MossyDell
Silver Member
- Joined
- Jul 25, 2002
- Messages
- 236
- Location
- southwestern Virginia
- Tractor
- B2601 (2021) B6100E (1988) B2100 (1991) JD970 (1998)
This makes so much sense. Then I read someone remind us that engines are now made so tight and are designed for lightweight oil, so that heavier oil hurts them. That's scary! Then others say it's just for mileage, at the cost of durability. And then I recall how synthetic oil pours like water and wonder again if heavier oil is so bad. But then there's the "90 percent of wear occurs at startup, so use the lightest oil" and I am unsure again.

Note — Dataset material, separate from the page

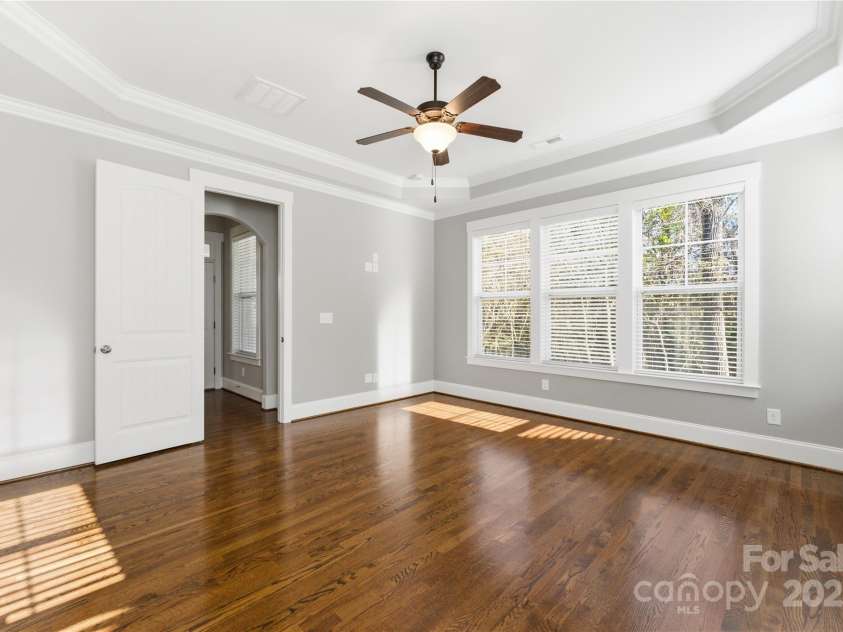 743 Bluff Loop Road, Rock Hill, SC 29730.  MLS# CAR4290643, YatesRealty ID 32426. Primary Bedroom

Whatever is true for car manufacturing, I wonder if we can assume the same for tractors. My B2601 manual still lists the typical range of 30 and 40 weights. And I remember an old man who commercially bush hogged with his little 24 hp Kubota and ran straight 50 weight. That was in the '80s, and it surely was not synthetic oil, which I believe doesn't need to be as heavy to offer protection.
Anyway, thanks mangler for trying to cut through all this.

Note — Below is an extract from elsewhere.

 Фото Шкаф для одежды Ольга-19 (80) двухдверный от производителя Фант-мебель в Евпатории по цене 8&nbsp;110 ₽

Whatever is true for car manufacturing, I wonder if we can assume the same for tractors. My B2601 manual still lists the typical range of 30 and 40 weights. And I remember an old man who commercially bush hogged with his little 24 hp Kubota and ran straight 50 weight. That was in the '80s, and it surely was not synthetic oil, which I believe doesn't need to be as heavy to offer protection.
Anyway, thanks mangler for trying to cut through all this.
I 'm sure if you change your oil diligently, never lug your engine, never overheat it, and trade-in the car in at 100k miles you could be fine with 0W20. But why take the chance? I consider oil as one of the very few aspects of car reliability I can actually influence. So I like to do what I can, within reason. Viscosity switch is certainly within that envelope.